Any worry about Becky the Reliable?


(Getty Images)

(Getty Images)

I’m not here to pass out blame for the goal. Let’s just say it was a poor job by the U.S. defense to get the ball out of danger. And let’s also add that Becky Sauerbrunn and Abby Dahlkemper were way too close together and did their best to prove that having too many people near the ball is about the same as having nobody near the ball. Six months from now they could be a dynamic duo and we’ll be deep-belly laughing looking back on the one time their communication broke down. Or maybe not.

The mere fact we’re discussing it as much an homage to how spectacular Sauerbrunn has been over the last five years as it is that she was partly culpable on an opponent’s game-winning goal on Thursday night. Let’s also leave no doubt that Becky Sauerbrunn remains among the top handful of center backs on the planet. But another memory of Canada 2015 is coming home sure beyond the shadow of a doubt that Sauerbrunn was a) the best player in that World Cup, and b) the best defender in the world. Two years later, I’m not sure the second one still applies.
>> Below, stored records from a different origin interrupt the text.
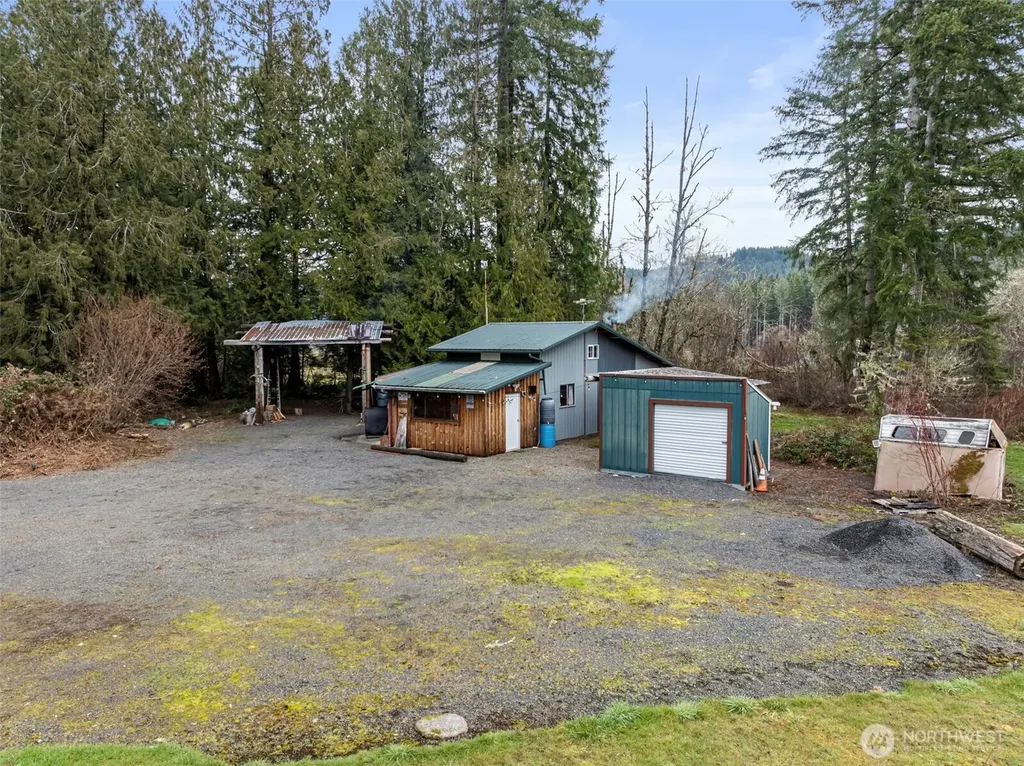 0 Wildwood Road Boistfort WA 98538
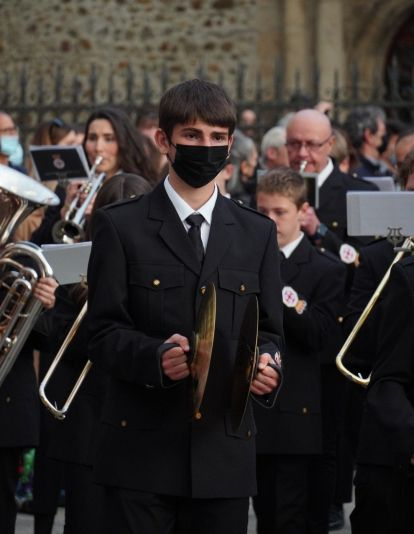 Entronacion del Cristo 2022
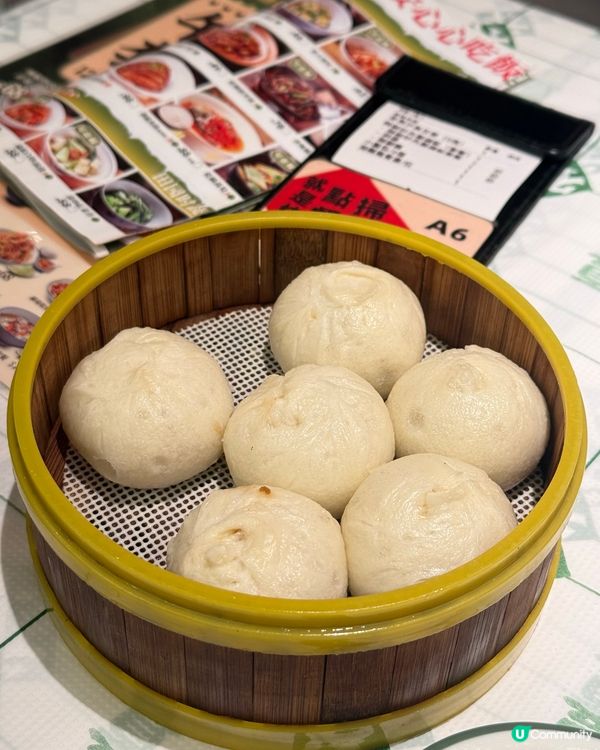 ｢超好吃的小籠包子🥹｣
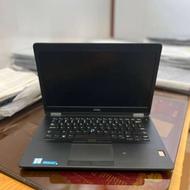 لپتاپ Dell 7470 ، 256gb SSD ، 8gb ram ، i7 gen6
At the very least it’s not beyond reproach to make a counterargument.

No sub for Mewis?

Mewis took an inadvertent cleat to the face, left with blood everywhere, and soon thereafter returned with her nose stuffed with cotton. Out of context, I’m okay with this. We’ve entered an era of coddling athletes to an extreme extent. But Ellis had several sub cards still at her disposal—friendly tournaments allow six per mach. Ellis did use all six, but are they so preplanned that game circumstances play no role in which players go in and out? If the result of the match mattered or if a key tactical sub was needed in the closing minutes, it might make more sense. In this case it just felt odd.

In conclusion…

A few bounces here and there and we could be talking about a multi-goal win for the United States. And there was a time that a tie game against Australia after an hour was as good as a win no matter how the two teams were playing. But we’re not, and we haven’t been on a consistent basis for the last year.

In comparing the U.S. performance to their other two opponents in this tournament, Brazil and Japan are both very capable of posing problems. Brazil’s press and ability to create in transition plus their speed could be a problem. And Japan’s willingness and ability to possess a game to death could also become a concern. Those teams both have holes, too. Will the U.S. be able to find them and exploit them? Whereas we have spent recent years dissecting the mental makeup of teams like Australia, Brazil, and France, it may be time to figure out just how mentally strong the current USWNT is.